Average down saham merupakan salah satu strategi investasi penting dalam bermain saham yang tidak asing terdengar di kalangan investor berpengalaman. Namun, bagi kamu yang belum tahu atau baru mulai tertarik menjajal dunia saham, mari menyelisik lebih lanjut seputar strategi ini. Mulai dari pengertian, cara kerja dan perhitungannya, hingga cara menggunakan average down saham.

Apa Itu Strategi Average Down dalam Saham?

Average down atau kerap disingkat Avg saham adalah salah satu strategi investasi dengan membeli kembali saham yang dimiliki secara bertahap ketika harganya turun. Cara ini dilakukan agar harga pembelian saham menjadi lebih murah.

Secara umum, strategi saham ini bertujuan untuk memperoleh keuntungan optimal dengan rata-rata biaya minimal, terutama untuk menghindari atau memperkecil kerugian dalam pembelian saham. Strategi average down juga dilakukan karena investor sering kali membeli saham dengan cara mencicil di berbagai level harga.

Baca juga: Mengenal ARB Saham, Investor Pemula Wajib Tahu!

Kendati demikian, average down hanya dapat dilakukan pada instrumen yang harganya diprediksi bisa kembali naik sehingga penerapan strateginya harus melalui persiapan yang matang. 

Bagaimana Cara Kerja Average Down?

cara kerja average down
Cara kerja average down (123rf)

Average down dilakukan dengan memantau apakah valuasi saham sudah lebih murah. Nah, ketika harganya turun dengan valuasi murah, investor baru akan membeli lagi saham tersebut. Dengan kata lain, investor hanya akan membeli saham apabila harga terus turun, dan diharapkan harga saham akan kembali naik melampaui modal yang sudah dikeluarkan.

Misalnya, harga pembelian saham Rp10.000. Kemudian, harga saham itu turun menjadi sekitar Rp8.000. Ketika saham tersebut kembali dibeli, harganya akan berada di bawah modal awal dengan average atau harga rata-rata Rp9.000. Dengan demikian, investor akan mendapat untung lebih banyak begitu harga saham naik karena harga beli yang murah.

Baca juga: Ini Artinya ARA Saham yang Perlu Kamu Ketahui!
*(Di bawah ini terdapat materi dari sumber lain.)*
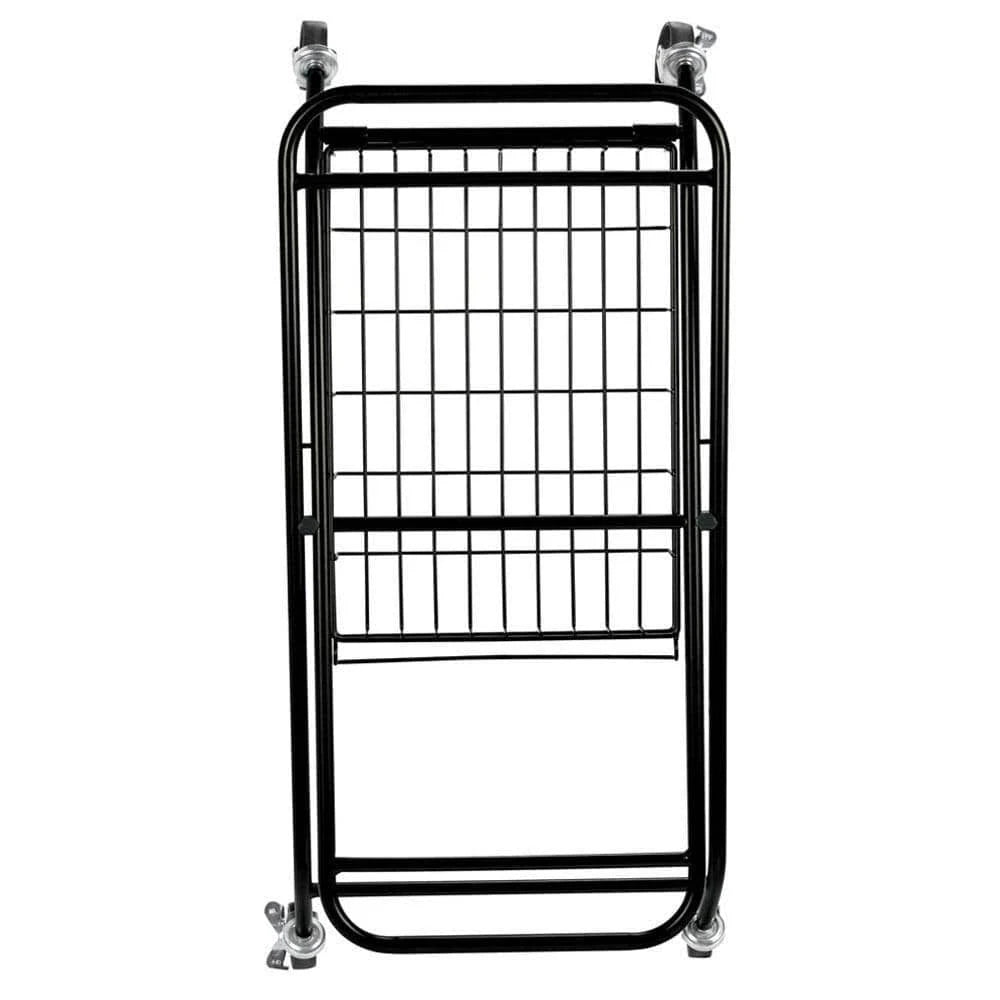 Black Collapsible Laundry Cart with Basket S4909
Untuk menjalankan strategi average down, investor perlu memperhatikan sejumlah hal, di antaranya:

  • Mengetahui pergerakan saham yang dibeli, terutama dari sisi fundamental perusahaan dan valuasi saham.
  • Lihat juga likuiditas saham.
  • Memahami situasi pasar untuk mengetahui saat yang tepat menerapkan average down.
  • Lebih mengacu pada pencegahan emosional dalam berinvestasi.
  • Sebaiknya tidak dilakukan oleh investor pemula karena akan cukup sulit untuk membedakan mana saham yang mengalami penurunan jangka pendek atau sementara (koreksi) dan saham mana yang mengalami pembalikan tren (dari naik ke turun) secara berkelanjutan. 
  • Direkomendasikan bagi investor yang telah memahami pasar modal.
  • Average down paling cocok diaplikasikan pada investasi jangka panjang atau oleh perusahaan yang memiliki dasar dan pergerakan signifikan agar mampu memperkecil kerugian.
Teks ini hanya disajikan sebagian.